▶ [Excerpted data]:
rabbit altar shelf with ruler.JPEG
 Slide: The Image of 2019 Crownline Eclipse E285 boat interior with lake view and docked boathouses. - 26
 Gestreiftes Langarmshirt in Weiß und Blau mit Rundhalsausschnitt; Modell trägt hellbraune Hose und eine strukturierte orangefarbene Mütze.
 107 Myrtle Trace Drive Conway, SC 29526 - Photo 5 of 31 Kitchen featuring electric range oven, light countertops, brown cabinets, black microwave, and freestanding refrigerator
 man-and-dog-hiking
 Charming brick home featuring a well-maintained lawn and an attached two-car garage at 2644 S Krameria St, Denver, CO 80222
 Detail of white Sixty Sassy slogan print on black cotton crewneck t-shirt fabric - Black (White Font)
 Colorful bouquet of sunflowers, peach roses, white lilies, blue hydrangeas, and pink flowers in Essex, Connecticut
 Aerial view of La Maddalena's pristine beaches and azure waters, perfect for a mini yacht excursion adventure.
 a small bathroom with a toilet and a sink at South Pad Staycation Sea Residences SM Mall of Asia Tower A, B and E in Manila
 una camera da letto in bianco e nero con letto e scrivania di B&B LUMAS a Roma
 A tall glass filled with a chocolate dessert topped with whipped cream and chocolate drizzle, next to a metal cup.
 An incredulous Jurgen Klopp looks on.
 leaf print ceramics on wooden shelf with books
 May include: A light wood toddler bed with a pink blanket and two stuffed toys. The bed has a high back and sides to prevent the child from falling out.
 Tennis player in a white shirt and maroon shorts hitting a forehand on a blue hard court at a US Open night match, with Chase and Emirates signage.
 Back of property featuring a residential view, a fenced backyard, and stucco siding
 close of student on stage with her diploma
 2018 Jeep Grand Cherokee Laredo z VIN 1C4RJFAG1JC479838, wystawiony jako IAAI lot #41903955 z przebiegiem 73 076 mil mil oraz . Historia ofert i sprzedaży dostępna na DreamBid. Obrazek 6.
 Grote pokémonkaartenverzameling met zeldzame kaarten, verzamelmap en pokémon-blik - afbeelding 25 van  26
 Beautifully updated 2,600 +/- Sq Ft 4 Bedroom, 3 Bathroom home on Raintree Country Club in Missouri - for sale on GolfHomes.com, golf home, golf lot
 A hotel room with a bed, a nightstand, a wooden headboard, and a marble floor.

▶ [What to work on]: Nothing but the lines above from the one containing "Gestreiftes Langarmshirt in" through the one containing "Beautifully updated 2,600" should appear in the answer, each repeated exactly.

▶ [Problem solution]:
 Gestreiftes Langarmshirt in Weiß und Blau mit Rundhalsausschnitt; Modell trägt hellbraune Hose und eine strukturierte orangefarbene Mütze.
 107 Myrtle Trace Drive Conway, SC 29526 - Photo 5 of 31 Kitchen featuring electric range oven, light countertops, brown cabinets, black microwave, and freestanding refrigerator
 man-and-dog-hiking
 Charming brick home featuring a well-maintained lawn and an attached two-car garage at 2644 S Krameria St, Denver, CO 80222
 Detail of white Sixty Sassy slogan print on black cotton crewneck t-shirt fabric - Black (White Font)
 Colorful bouquet of sunflowers, peach roses, white lilies, blue hydrangeas, and pink flowers in Essex, Connecticut
 Aerial view of La Maddalena's pristine beaches and azure waters, perfect for a mini yacht excursion adventure.
 a small bathroom with a toilet and a sink at South Pad Staycation Sea Residences SM Mall of Asia Tower A, B and E in Manila
 una camera da letto in bianco e nero con letto e scrivania di B&B LUMAS a Roma
 A tall glass filled with a chocolate dessert topped with whipped cream and chocolate drizzle, next to a metal cup.
 An incredulous Jurgen Klopp looks on.
 leaf print ceramics on wooden shelf with books
 May include: A light wood toddler bed with a pink blanket and two stuffed toys. The bed has a high back and sides to prevent the child from falling out.
 Tennis player in a white shirt and maroon shorts hitting a forehand on a blue hard court at a US Open night match, with Chase and Emirates signage.
 Back of property featuring a residential view, a fenced backyard, and stucco siding
 close of student on stage with her diploma
 2018 Jeep Grand Cherokee Laredo z VIN 1C4RJFAG1JC479838, wystawiony jako IAAI lot #41903955 z przebiegiem 73 076 mil mil oraz . Historia ofert i sprzedaży dostępna na DreamBid. Obrazek 6.
 Grote pokémonkaartenverzameling met zeldzame kaarten, verzamelmap en pokémon-blik - afbeelding 25 van  26
 Beautifully updated 2,600 +/- Sq Ft 4 Bedroom, 3 Bathroom home on Raintree Country Club in Missouri - for sale on GolfHomes.com, golf home, golf lot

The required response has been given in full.